Besides, if this is a giveaway then at least it’s one where the recipient has to give something up today to get something better tomorrow, as opposed to spending it all today and then whining about not having enough to get by when tomorrow inevitably comes.

Encouraging more people to save more into more flexible schemes doesn’t solve all the problems of everyone, especially those poorer workers who may have the motivation but don’t have much cash to spare.2 [21]

But the Budget is clearly a big step towards rewarding aspiration and self-reliance for many of us. And I’m all for that.

Making something out of nothing

Of course the cynic in me whispers the government is doing all this because it has to. That this is the carrot, and the stick of a steadily diminishing State pension is to come. That the territory is being prepared in advance.

And perhaps it is – though it must be said State pensioners have been virtually a protected species under this government.
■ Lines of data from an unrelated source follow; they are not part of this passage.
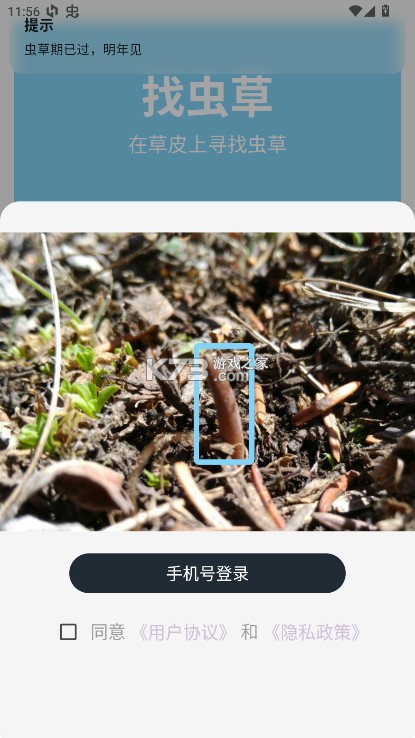 乐见虫草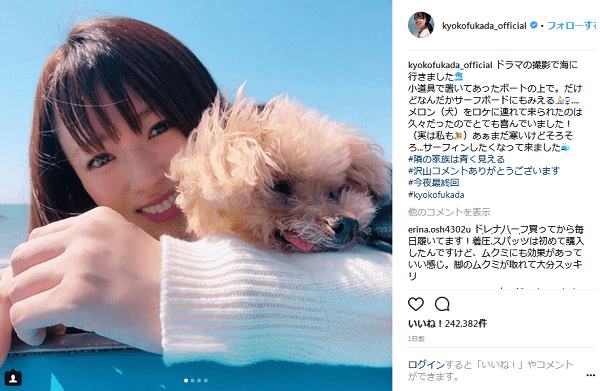 深田恭子 愛犬と一緒に海へ 可愛すぎる写真投稿で 癒される の声 1ページ目 デイリーニュースオンライン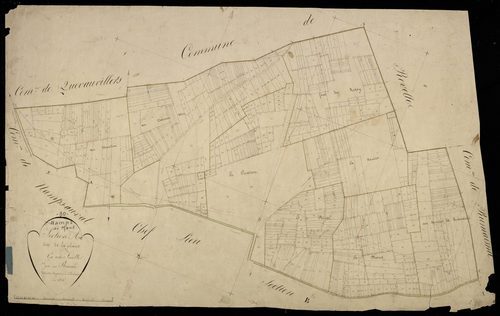 Plan du cadastre napoléonien - Namps-Maisnil (Namps au Mont) : Plaine (La), A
But let’s worry about that another day.

The good news is we have a Budget for once that lives up to its name. It will help those with the means and desire to take greater control over their finances to help themselves, from their first pay slip to the grave.

You say this is just a Budget to win votes [22]?

Fine. It gets mine.

Note: At GOV.UK you can download and read all the Budget 2014 documents [23].

  1. Potentially this will be 57 by 2028. [ [28]]
  2. To help them I think the State should match contributions for the first £500 a year into a NEST pension, say. [ [29]]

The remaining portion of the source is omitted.